That town has been likened to the hub of a wheel whose spokes are the roads which lead eastward. It is true that one important road went over the canal at Steenstraate, but practically all of the highways of consequence went through Ypres. Thus the spokes of the wheel, whose rim was the outline of the salient, were the roads to Menin, Gheluvelt, Zonnebeke, Poelcapelle, Langemarck, and Pilkem. And the railroad to Roulers was also a spoke. Hence all of the supplies for the troops on the salient must pass through Ypres, which made it most desirable for the Germans to take the town. It will be remembered that they had won a place for their artillery early in November, 1914, which gave them an opportunity to bombard Ypres through the winter. On February 1, 1915, a portion of the French troops which had held the salient were withdrawn and their places taken by General Bulfin's Twenty-eighth Division. Thus, by April 20, 1915,that part of the Allies' front was held as follows: From the canal to east of Langemarck was the Forty-fifth Division of the French army, consisting of colonial infantry. On the French right, to the northeast of Zonnebeke, was the Canadian division, under the command of General Alderson, consisting of the Third Brigade, under General Turner, on the left, and the Second Brigade, under General Currie, on the right. The Twenty-eighth Division extended from the Canadian right to the southeast corner of the Polygon Wood. This division comprised the Eighty-third, Eighty-fourth, and Eighty-fifth Brigades in order from right to left. The next section of the salient was held by Princess Patricia's Regiment of the Twenty-seventh Division, which division, under the command of General Snow, guarded the front to the east of Veldhoek along the ridge to within a short distance of Hill 60, where the Fifth Division, under the command of General Morland, held the line. The greater part of the German troops opposite the salient were from Württemberg and Saxony.[Back to Contents]

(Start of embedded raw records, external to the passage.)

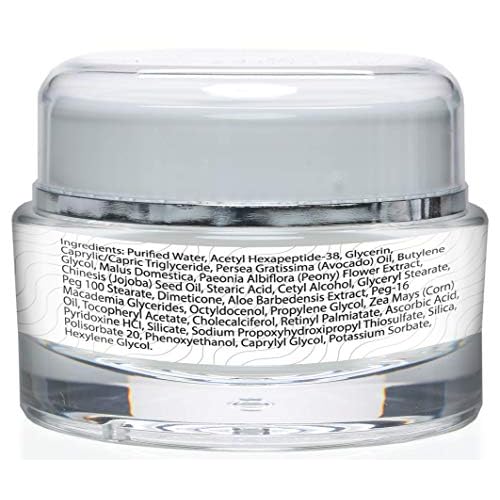 Kiara Skincare- Hydrofirm Age Defying Spa Quality Formula- Designed to Deeply Hydrate- Fill Fine Lines- Minimize the Signs of Aging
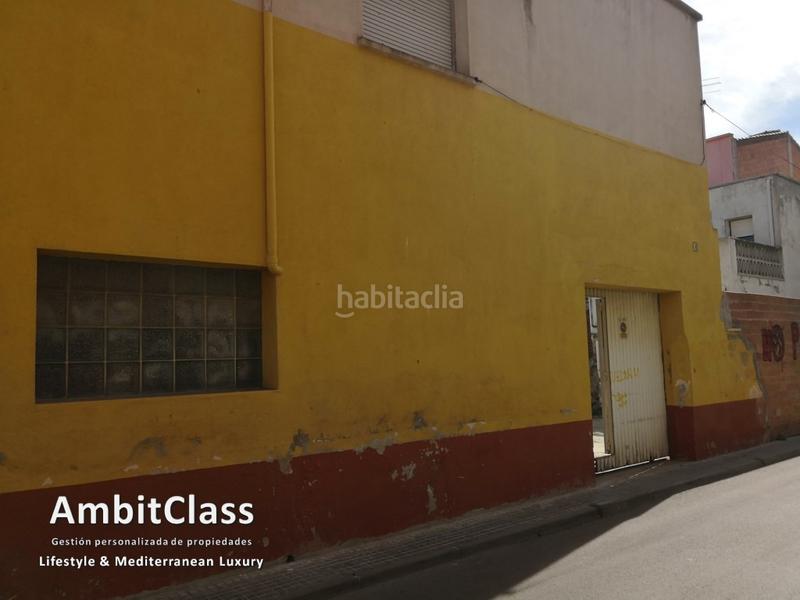 Foto c34a25b7-4663-4ffa-9c71-0d8e116b9962. Terreno residenziale in Malgrat de Mar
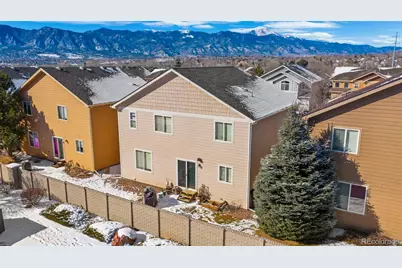 [Address not provided], Colorado Springs, CO  - Photo 29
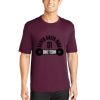 PosiCharge ® Competitor Tee Thumbnail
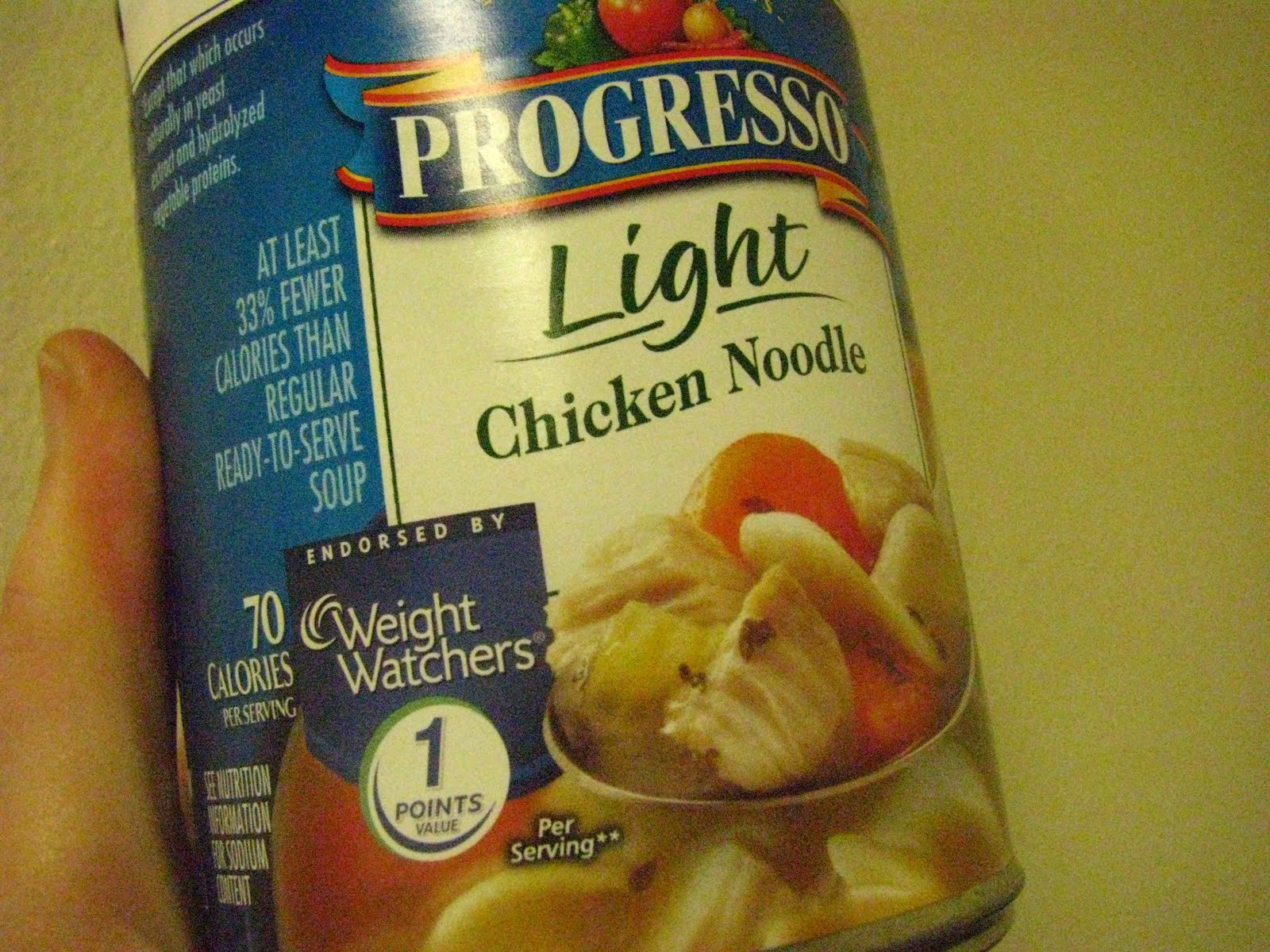 Progresso Souper You Giveaway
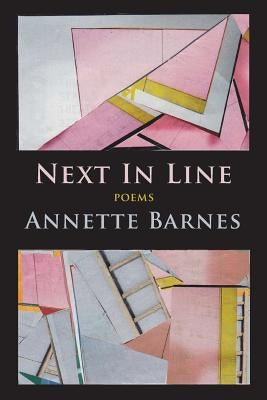 Next In Line by Barnes, Annette
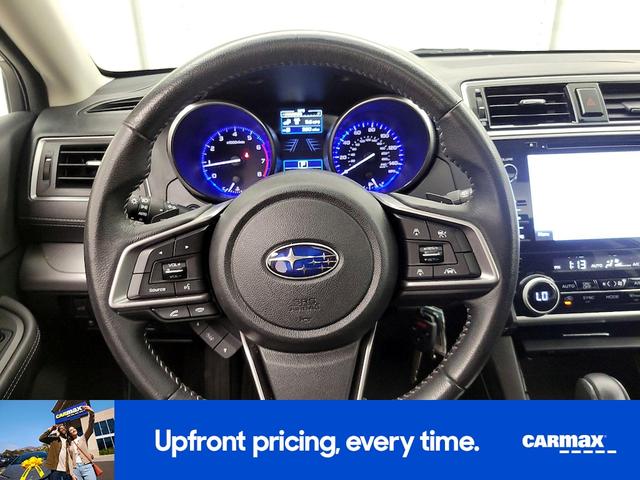 Photo of 2019 Blue Subaru Outback
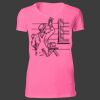 Ladies' The Favorite-slim feminine fit T-Shirt Thumbnail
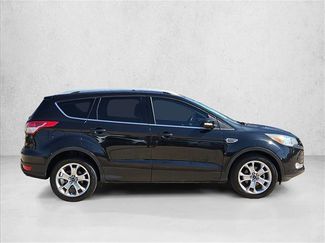 Used 2014 Ford Escape Titanium video 4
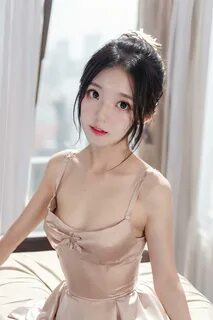 She has been selected as one of the... 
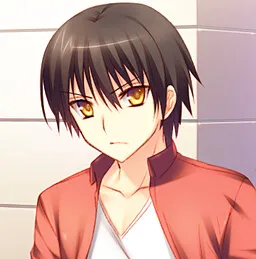 Oda Kousuke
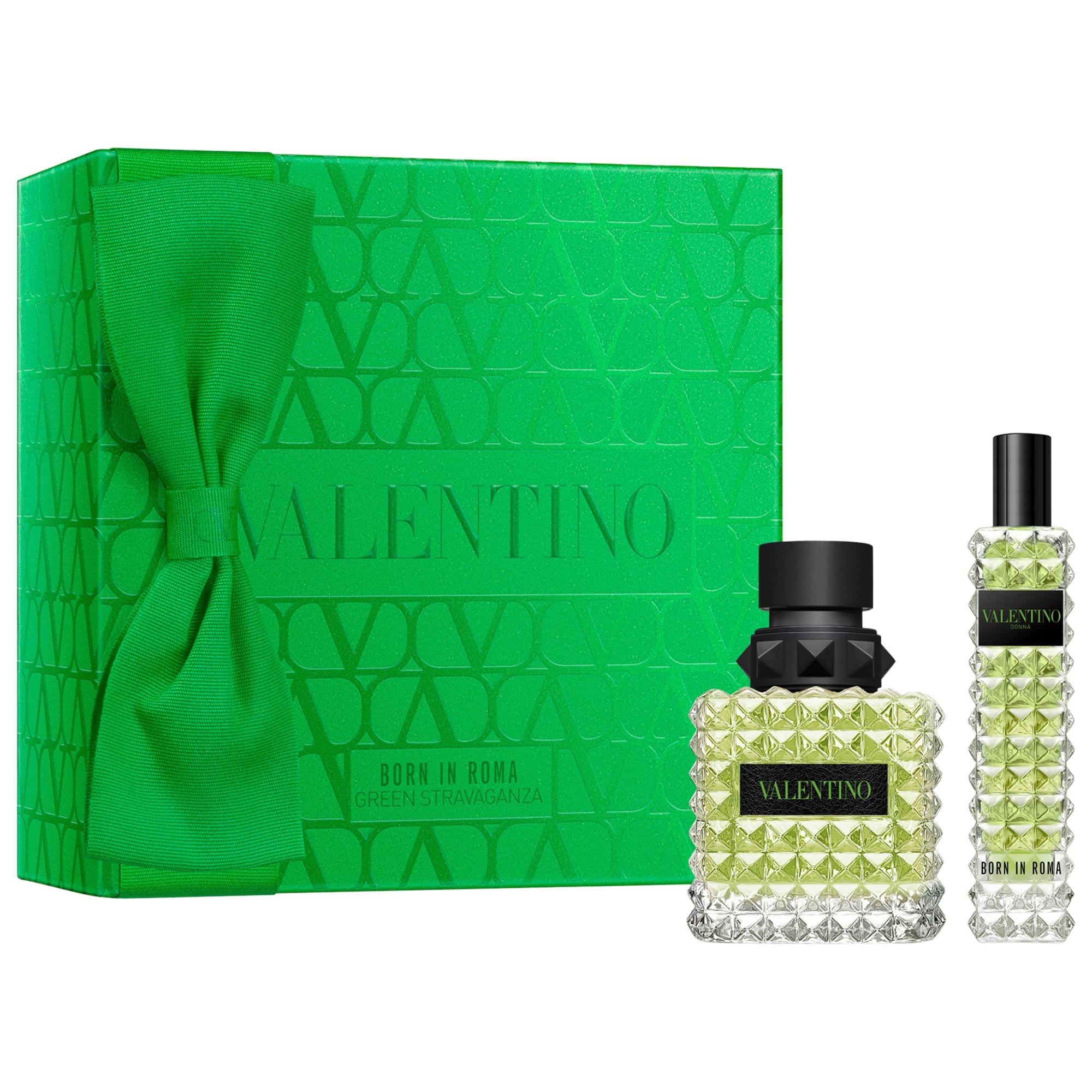 Valentino & Dior Perfume hot Bundle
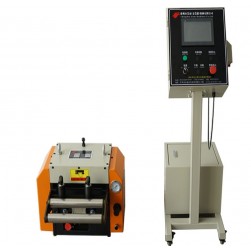 Nc servo feeder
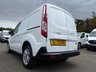 USED 2023 72 FORD TRANSIT CONNECT 1.5 240 EcoBlue Limited Panel Van 5dr Diesel Manual L1 Euro 6 (s/s) (120 ps) 1 OWNER ONLY 30K REVERSE CAMERA TOUCH SCREEN MEDIA COMES WITH 1 YEARS MOT AND SERVICE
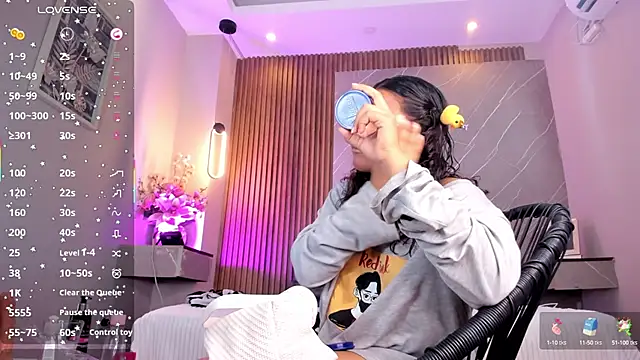 emma  rose1 online show from 10.16.25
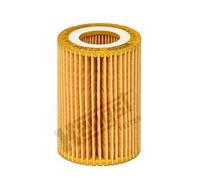 HENGST FILTER E234H D290 Oil filter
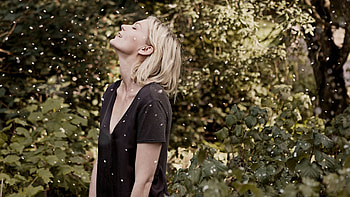 Lars von Trier, Women in film, Melancholia movie, Evocative HD wallpaper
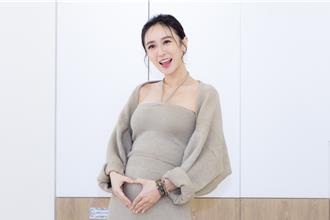 難過大S猝逝！蔡允潔擔憂家人心理狀態：真的好痛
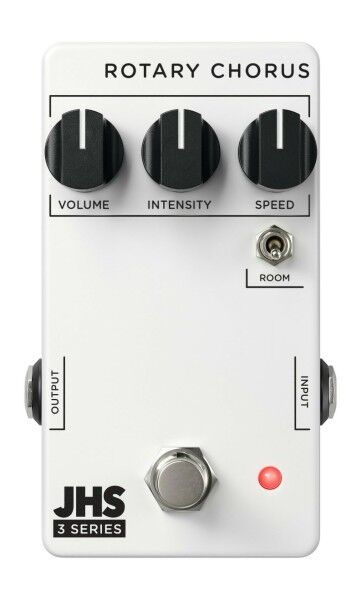 JHS Pedals 3 Series Rotary Chorus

BEGINNING OF SECOND BATTLE OF YPRES

What is called the second battle of Ypres began with a bombardment of the little city on April 20, 1915. The rain of shells continued on through April 22, 1915, on the evening of which the British artillery observers reported a strange green vapor moving over the French trenches. The wind was blowing steadily from the northeast. Soon the French troops were staggering back from the front, blinded and choking from the deadly German gas. Many of their comrades had been unable to leave the spot where they were overtaken by the fumes. Those who fled in terror rushed madly across the canal, choking the road to Vlamertinghe. A part of the Zouaves and Turcos ran south toward the Langemarck road, finally reaching the reservebattalions of the Canadians. Ere long the Canadians caught the deadly odor also.

But the work of the gas did a much more valuable thing for the German troops than causing the agonizing death of many hundreds and sending thousands in headlong flight. It made a four-mile-wide opening in the front of the Allies. And the Germans were quick to take advantage of that opening. They followed the gas, and were aided in their advance by artillery fire. The French were forced back on the canal from Steenstraate to Boesinghe. The Canadians had not suffered so much from the gas as the French soldiers, but their flank was too exposed for them to do much effective work against the onrushing Teutons. The attempt to rally the Turcos failed. The Third Brigade could not withstand the attack of four divisions, and was forced inward from a point south of Poelcappelle until its left rested on the wood east of St. Julien. There was a gap beyond it, and the Germans were forcing their way around its flank. Because the entire First Brigade of Canadians had been held in reserve it could not be brought up in time to save the situation. Two of the battalions, the Sixteenth and Tenth, were in the gap by midnight. They charged and recovered the northern edge, and the guns of the Second London Division, which had been supporting the French in the wood east of St. Julien. But the British could not hold all they retook, and were forced to abandon the guns because the artillery horses were miles away. So parts of the guns were made useless before the Germans had them again.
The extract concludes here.